* Your goal:
For this exercise, please transcribe exactly and only the lines from the one containing "Diamante numbered cake pick / topper" through the end of the material, both ends included, without pictures.

* Data block:
**********

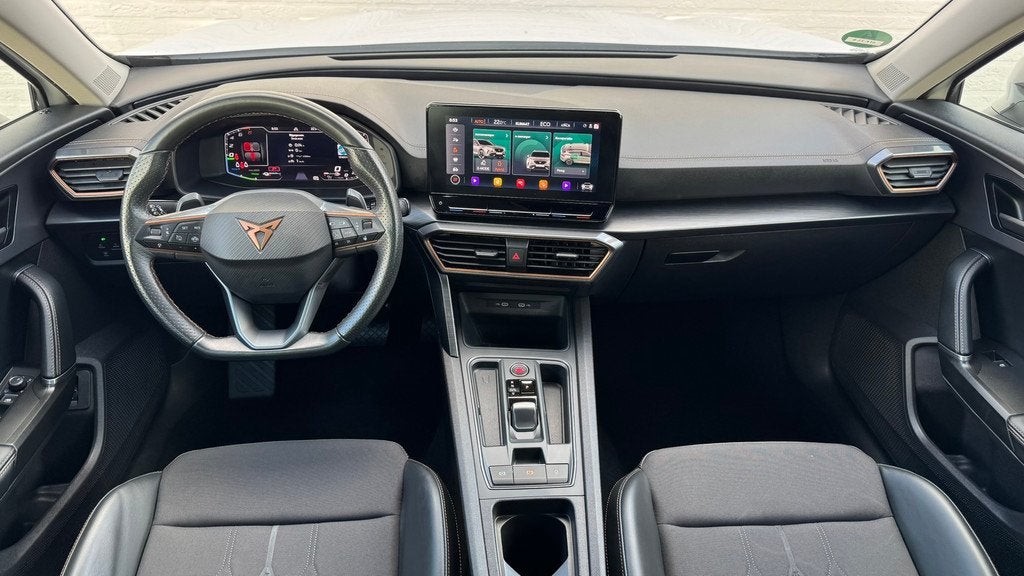 Cupra Formentor 1.4 TSI e-Hybrid Essential SOH 91% Clima Car, Auto's, Cupra, Euro 6, 4 cilinders, Wit, Plug-in hybride
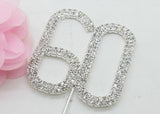 Diamante numbered cake pick / topper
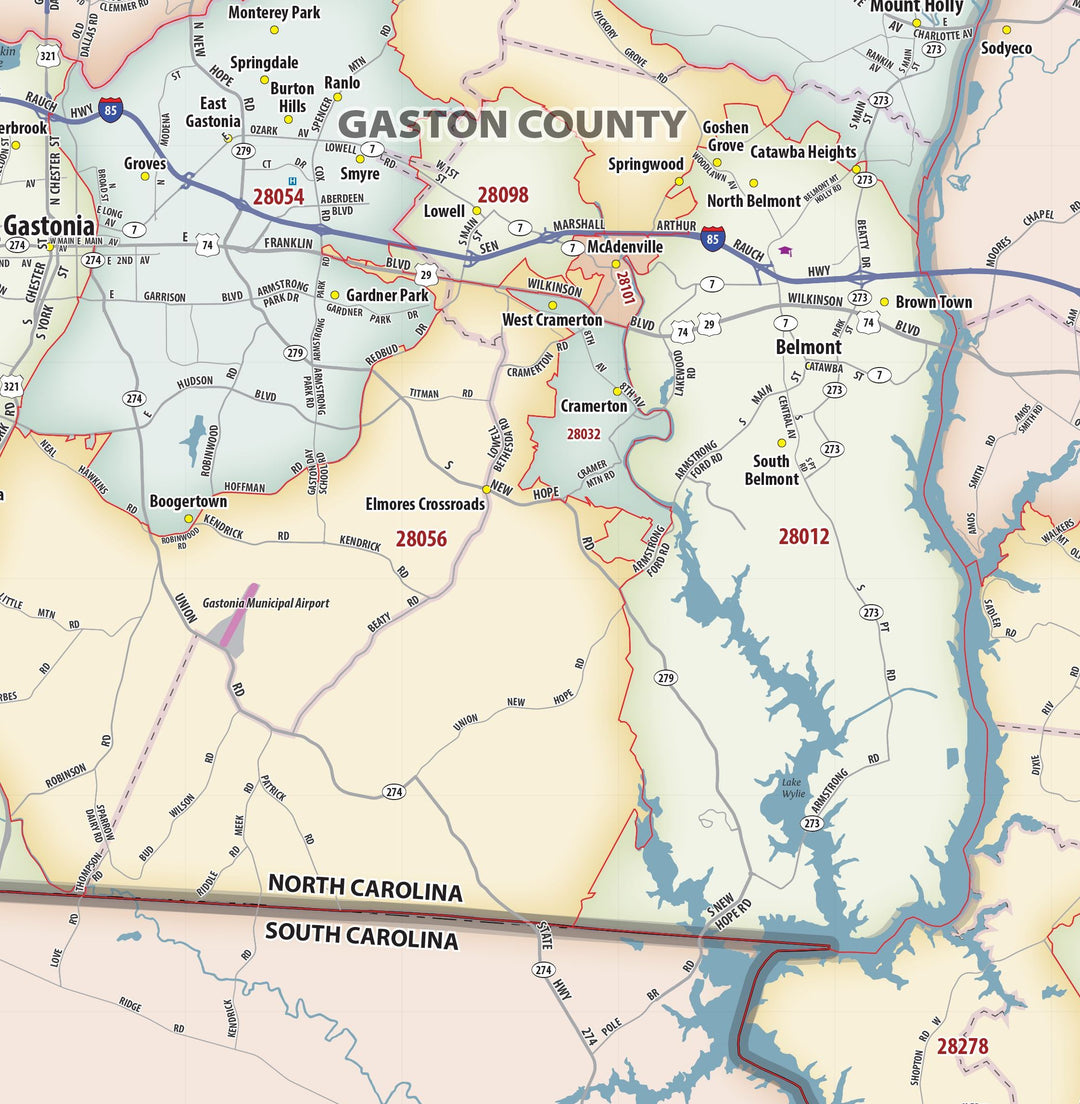 Charlotte Area Zip Code Map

**********

* Solution:
 Diamante numbered cake pick / topper
 Charlotte Area Zip Code Map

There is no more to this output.